Locate "Casa à venda" in the records below, then copy its line and every following line exactly, without the pictures.

[Dataset records]
- Opening Delimiter -

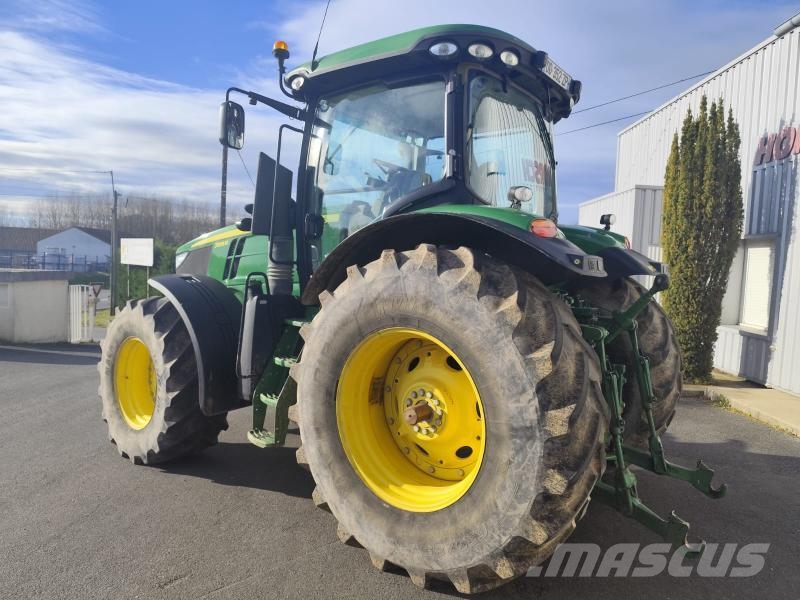John Deere 7215R Traktoren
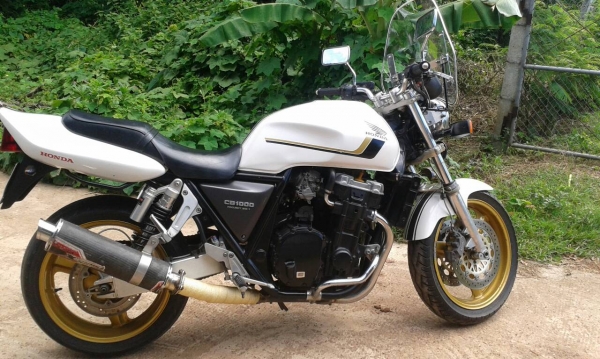cb 1000 แลก เทริน์
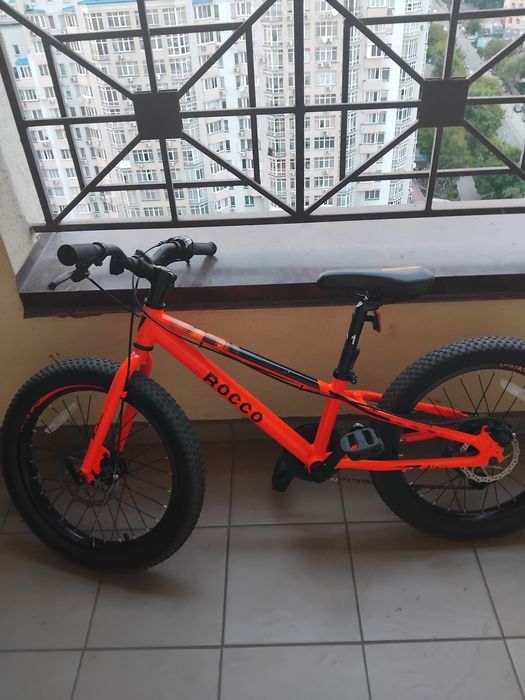 Прдається велосипед Rocco  6-13 років +-
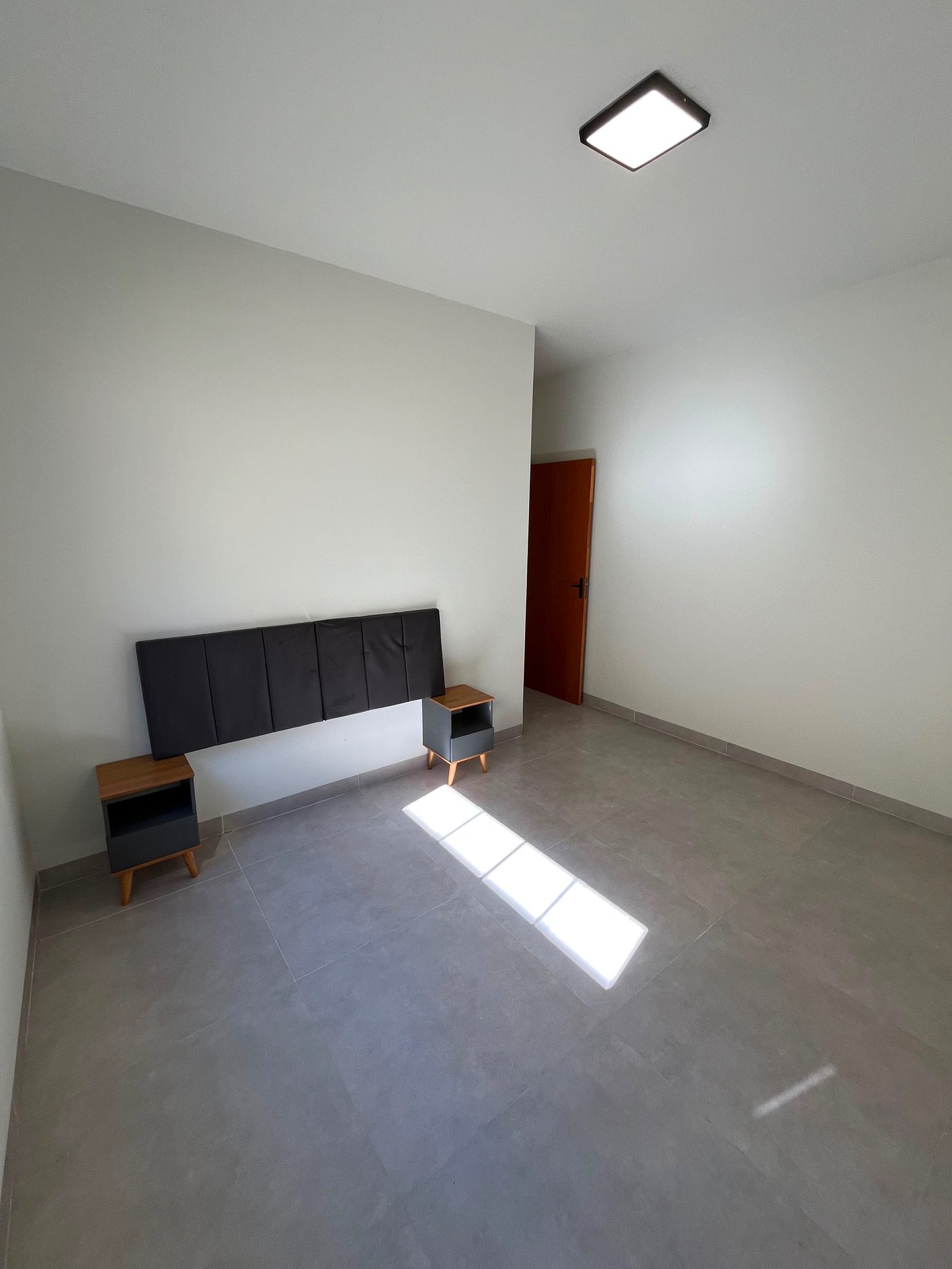 Casa à venda com 2 quartos, sendo 1 suíte,  em Vila Nova, Três Lagoas, MS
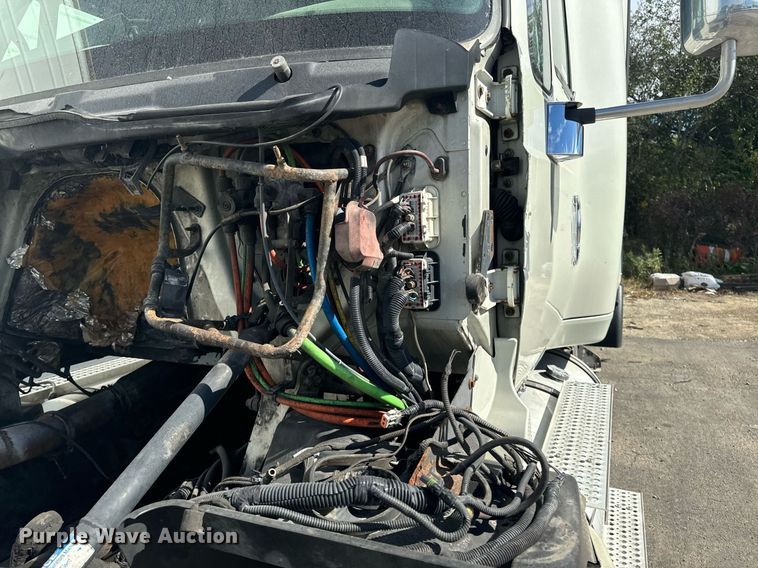 image for item EG6794 2008 International  Prostar Limited 6x4 semi truck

- Closing Delimiter -

EXPECTED ANSWER:
 Casa à venda com 2 quartos, sendo 1 suíte,  em Vila Nova, Três Lagoas, MS
 image for item EG6794 2008 International  Prostar Limited 6x4 semi truck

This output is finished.